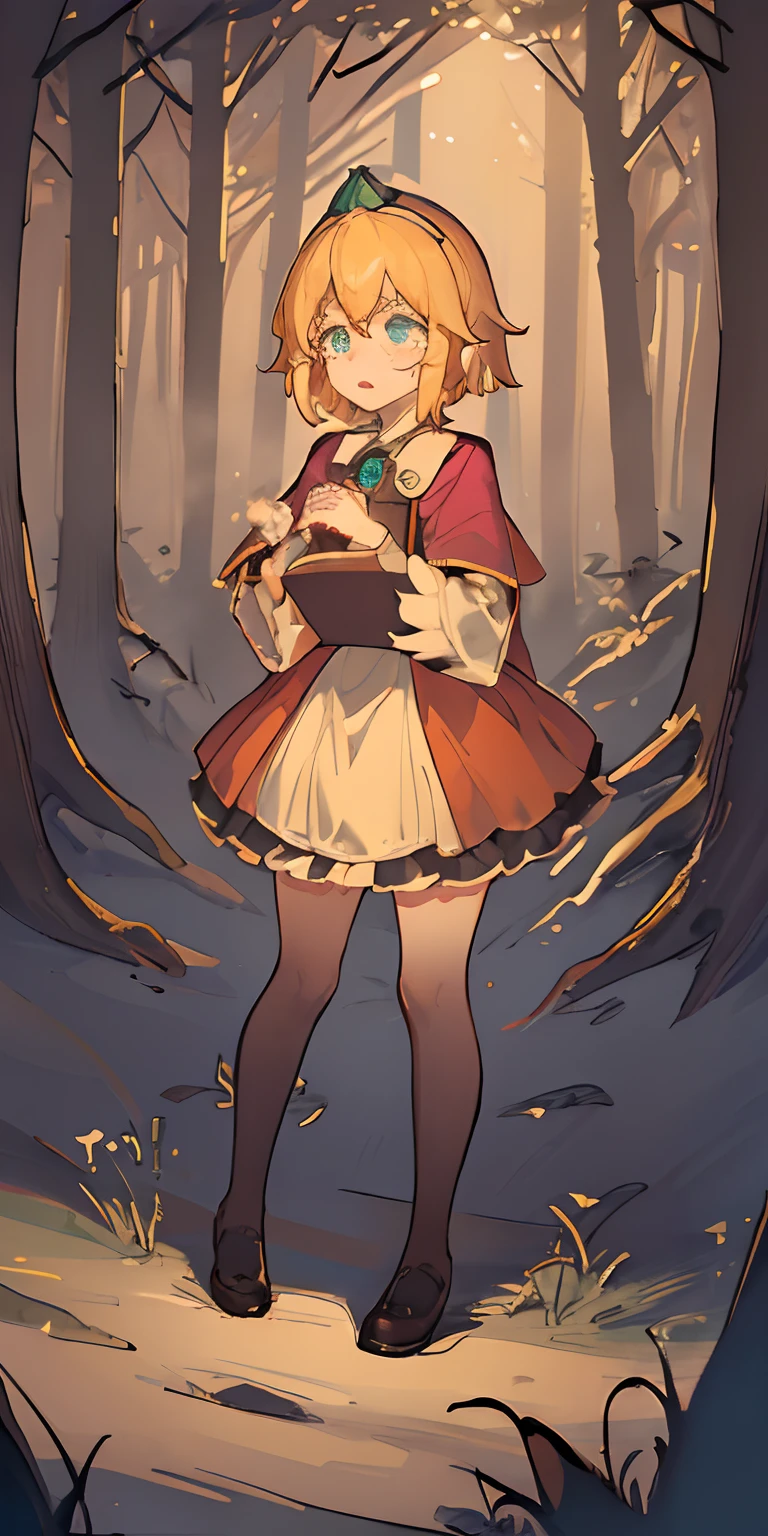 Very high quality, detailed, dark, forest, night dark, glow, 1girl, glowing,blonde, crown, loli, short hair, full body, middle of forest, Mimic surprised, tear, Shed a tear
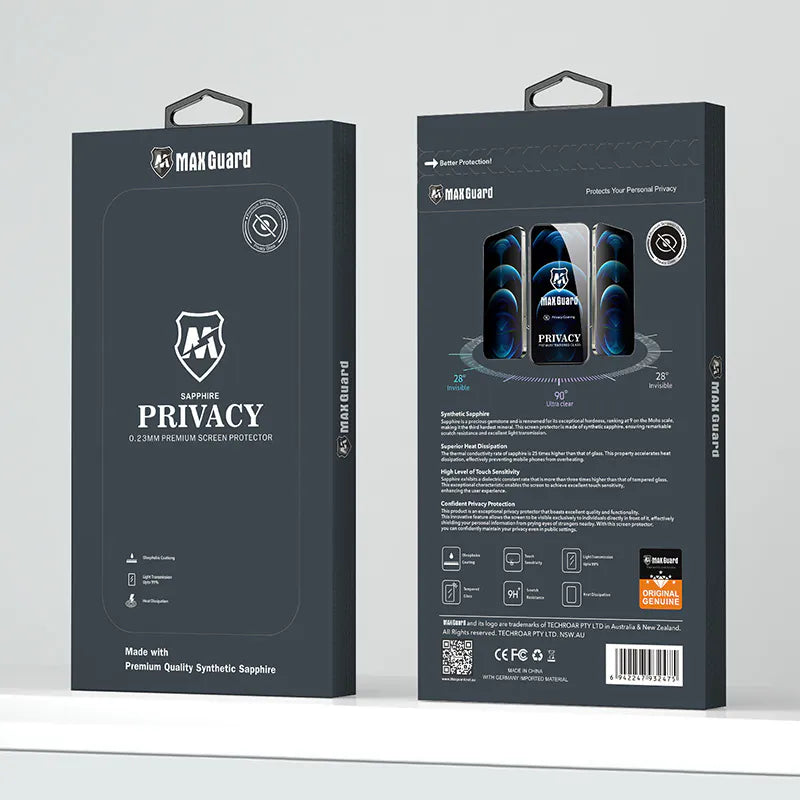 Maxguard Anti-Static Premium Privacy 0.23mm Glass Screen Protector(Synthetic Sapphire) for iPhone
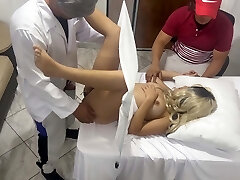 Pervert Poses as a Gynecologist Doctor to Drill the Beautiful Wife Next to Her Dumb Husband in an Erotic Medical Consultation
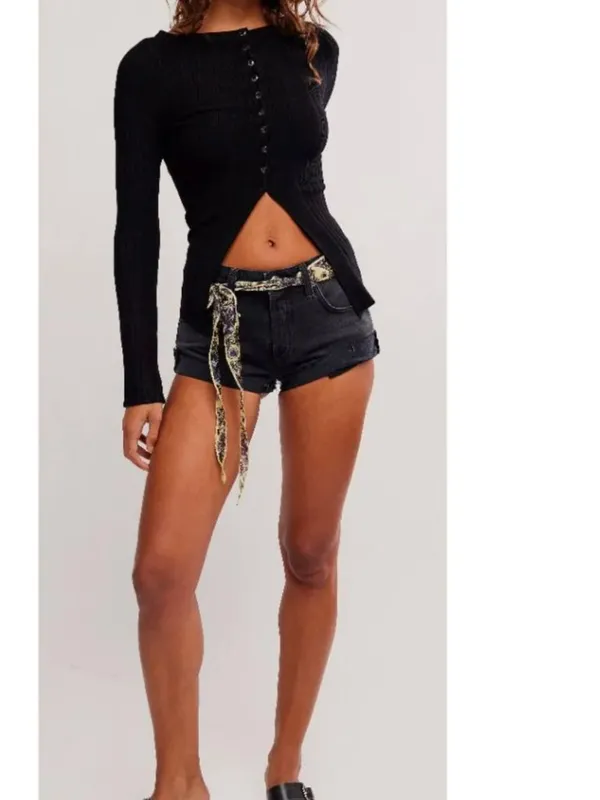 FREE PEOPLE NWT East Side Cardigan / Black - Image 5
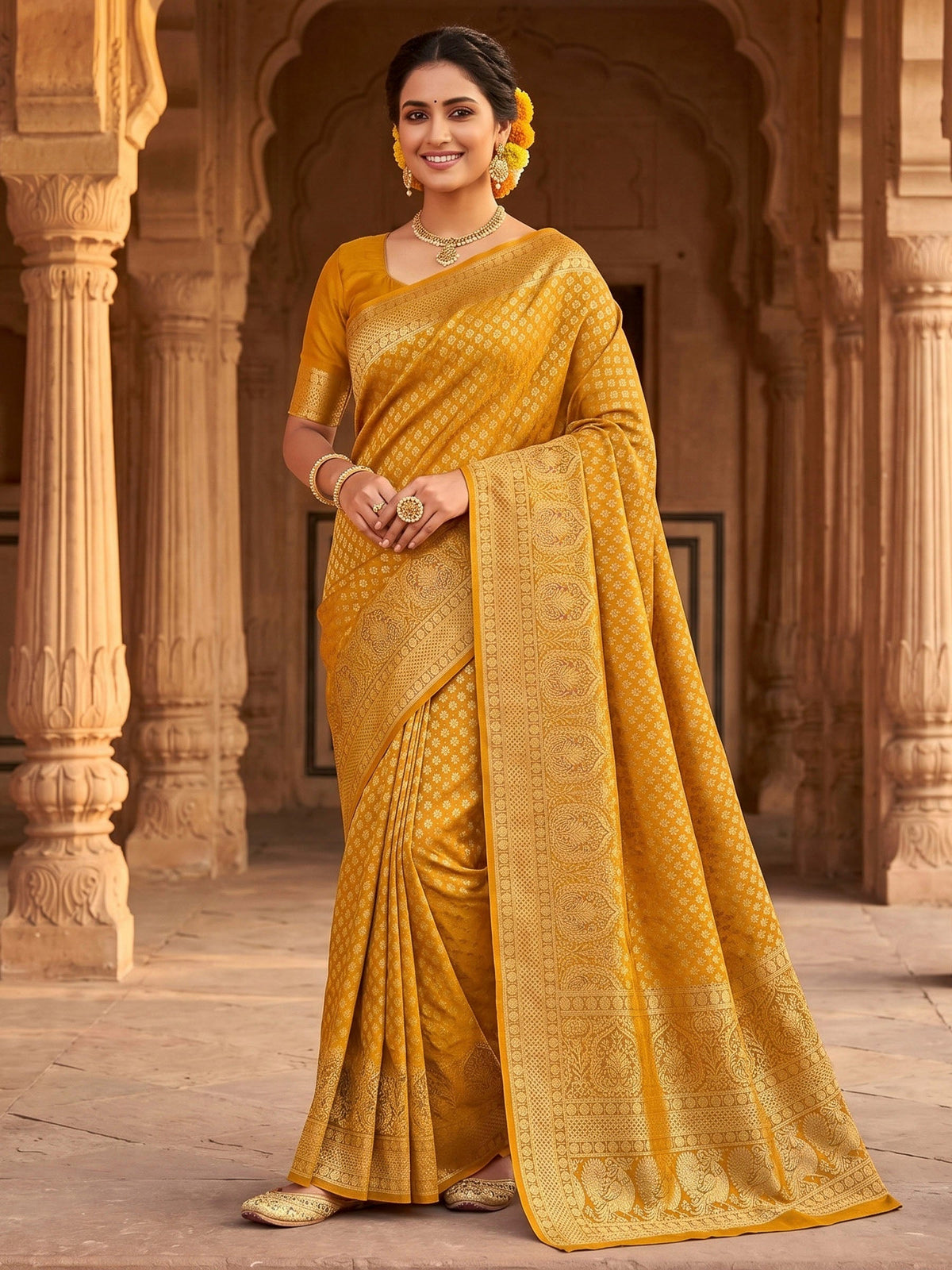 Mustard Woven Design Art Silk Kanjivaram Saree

☆ ☆ ☆ ☆ ☆ ☆ ☆

GOAL OF THE EXERCISE →
All records above must be output exactly as they stand, excluding pictures.

ANSWER SPACE →
 Very high quality, detailed, dark, forest, night dark, glow, 1girl, glowing,blonde, crown, loli, short hair, full body, middle of forest, Mimic surprised, tear, Shed a tear
 Maxguard Anti-Static Premium Privacy 0.23mm Glass Screen Protector(Synthetic Sapphire) for iPhone
 Pervert Poses as a Gynecologist Doctor to Drill the Beautiful Wife Next to Her Dumb Husband in an Erotic Medical Consultation
 FREE PEOPLE NWT East Side Cardigan / Black - Image 5
 Mustard Woven Design Art Silk Kanjivaram Saree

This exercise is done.